Q:  Did you ever think of becoming anything other than a writer?

A:  You know, I didn’t. I thought I wasn’t going to be a writer at all, then when I got to be about 29 I started to think “Uh oh, my life’s going away and I haven’t figured it out yet.” At that point I knew I needed to be a writer and I’d better try it.  I’d avoided it for quite awhile because my parents and my sister were already successful writers. Of course, my sister Amy was about 39 when she started and my sister Hallie was about 49 when she started. So each sibling avoided it as long as possible and then succumbed.

Q:  How would you describe the home you grew up in terms of being Jewish?

A:  That’s so funny because I wrote a piece recently about that for a collection of memoirs coming out in September called Am I Jewish Enough.  I wrote it because I spoke at a lot of JCCs this year and I was asked a lot of questions about my religious background.  My mother was against organized religion. She thought it was the cause of all wars – which it wasn’t then but it is now. So she was sort of ahead of her time. At the same time culturally we were Jewish – that was never an issue. We knew we were Jewish; we just weren’t religious Jews.

Q: Did you celebrate any of the Jewish holidays?

A:  No, not at all. And I was sent to school on all of them and I never ever have celebrated them.  My mother raised me with a feeling that organized religion was a divisive thing. So she sort of raised me in a very secular way.  But there was an obsession with books, and culture and theater – culturally we were Jewish.  So it was always felt that we were Jewish — it was never an issue. My mother just didn’t believe in any of the rituals, etc.

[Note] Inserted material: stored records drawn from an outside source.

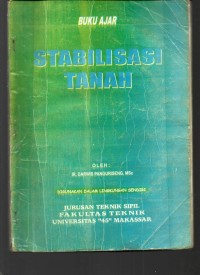 Image of Stabilisasi Tanah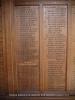 Internal wooden panels 13 and 14.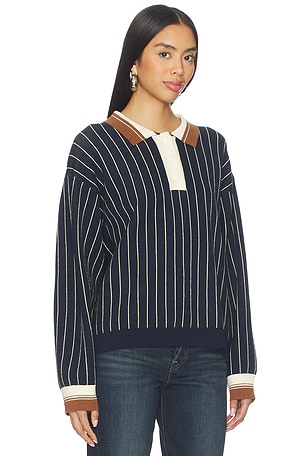 Baum und Pferdgarten Chira Top in Navy,Yellow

Q:  So what is the answer to the question you ask in the title of your essay:  Are you Jewish enough?

A: Oh, you have to read the book for that.

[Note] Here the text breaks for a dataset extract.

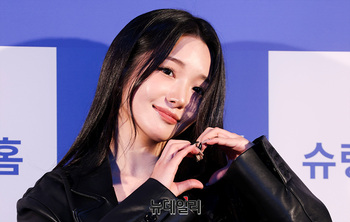 [영상] 노지선 '상큼 하트'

Q:  Do you talk about being Jewish at these JCC engagements?


A:  Only if someone asks me.  I certainly talk about my mother’s attitudes and opinions and what they meant.  I had this hysterical encounter in a midwestern JCC.  I said that my mother had a lot of rules and one of the things she always said was “never buy on sale.” And a woman in the front row – a farbisiner — said very loudly, “Antisemitic.” I was, of course, utterly stunned by that and I had to address it. She thought that my mother was being antisemitic, but I said that my mother had grown up very poor and she had left the sort of ‘ghetto’ of the South Bronx and move to the West Coast where she reinvented herself as a successful screenwriter. Part of that was for sure about assimilation. Absolutely. Her parents were immigrants and my grandmother never really assimilated into American culture in any way. I’m sure this was one of the ways she separated herself from her childhood. It was all a part of leaving behind a feeling of smallness — how exciting that her family could live in the land of ‘why pay less.’ One way that you proved that you were successful was not to buy on sale, something you associated with poverty. So I thought that was interesting – it was very provocative.

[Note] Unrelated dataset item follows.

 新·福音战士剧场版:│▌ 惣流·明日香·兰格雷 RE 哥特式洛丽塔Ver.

I really don’t know if my mother had any antisemitic feelings, but I know [her comment] was about being proud of what she’d accomplished.  I think the fact that she earned her own money and did not have to buy on sale was just an enormous point of pride.  Another thing she also said was that you don’t have to clean your plate.  At that time that was just a shocking thing. Everyone was cleaining their plates like mad then. But she was also very smart about stuff. She knew that cleaning your plate was not a good idea. Better to just eat until your full and stop eating – she was way ahead of her time on that score. She raised very thin children – we never finished our food.

Q: Did your father come from a similar background?

A:  My mother was the Bronx, my father was Brooklyn.  They had a hit Broadway play when they were very young – Three’s a Family – and they were invited to come to California. And so they did. But they also told us that this was no place to spend your life; you must go east to college and stay in New York.